- DVD cover art
- Also known as: The Three Musketeers; The Lady in Red;
- 风尘三侠之红拂女
- Genre: Wuxia
- Based on: Qiuranke Zhuan by Du Guangting
- Directed by: Chui Po-chu; Hou Jiyuan; Ren Haitao;
- Presented by: Zhang Xiaowu; Pu Shulin; Ma Zhongjun; Tie Fo;
- Starring: Shu Qi; Wallace Huo; Yu Rongguang; Li Junfeng; Hou Yong; Kwong Wa; Kent Cheng; Yvonne Yao;
- Opening theme: "Red Dust" (红尘) by Lee E-jun
- Ending theme: "Really" (真的) by Angela Chang
- Country of origin: China
- Original language: Mandarin
- No. of episodes: 30

Production
- Executive producer: Wang Ziming
- Producer: Lin Qiang
- Production location: China
- Running time: ≈45 minutes per episode
- Production companies: Beijing Dongwang Culture and Development; Beijing Ciwen Film Distribution; Beijing Huaxia Media Culture Development;

Original release
- Network: CTV
- Release: 2006

= Romance of Red Dust =

2006 Chinese TV series

Romance of Red Dust, also known as The Three Musketeers and The Lady in Red, is a 2006 Chinese wuxia television series based on the Tang dynasty short story Qiuranke Zhuan (The Man with the Curly Beard) by Du Guangting. The Chinese title refers to the three main characters in the story – Hongfu (Red Sleeves), Qiuranke (Curly-Bearded Man), and Li Jing – who are respectively portrayed by Shu Qi, Yu Rongguang, and Wallace Huo. The series was first broadcast on CTV in Taiwan in 2006.

== Synopsis ==
Hongfu, a beautiful and intelligent maiden dressed in red, is also a highly-skilled martial artist serving as a courtesan to Yang Su, the war minister of the Sui dynasty. Dugu Cheng was Hongfu's first love but he had betrayed her when he presented her to Yang Su, to whom she had lost her virginity, and Hongfu had never forgiven Dugu Cheng.

When Yang Su is recruiting talents to serve under him, Li Jing comes for the trials and passes them, gaining Hongfu's admiration. When Yang Su sees that Hongfu has affections for Li Jing, he orders her to assassinate Li Jing.
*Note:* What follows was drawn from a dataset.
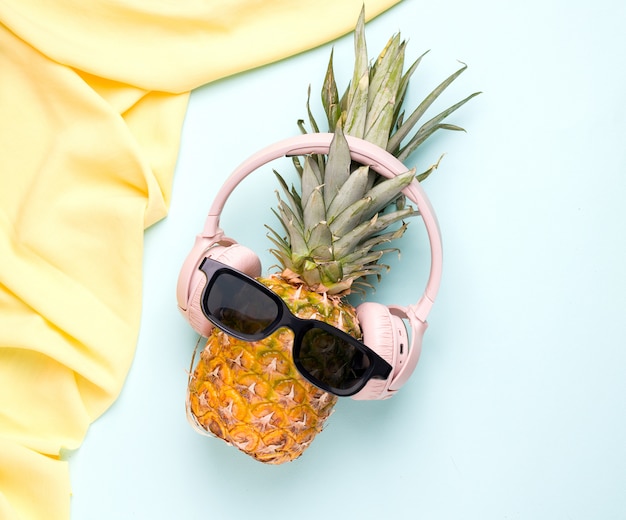 Concept d'été avec fruit d'ananas tropical dans des lunettes de soleil et des écouteurs sur un espace bleu.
However, Hongfu refuses to kill Li Jing and instead helps him escape, turning against Yang Su. The two of them gradually fall in love as they evade Dugu Cheng and Baoqin, who have been sent by Yang Su to hunt them down and kill them.

Hongfu and Li Jing meet Qiuranke, who becomes sworn siblings with Hongfu despite having slight romantic feelings for her. On their way to join the Wagang rebels, they encounter Dugu Cheng and Baoqin, and both sides clash. Li Jing and Hongfu fall off a cliff into a river during the fight. Li Jing is swept away by the current but saved by Pingyang, who is romantically attracted to him. Meanwhile, Hongfu is saved by a fisherman and later encounters Pingyang's brother, Li Shimin.

Li Jing and Hongfu are bound to go through tests of their love before they eventually get together.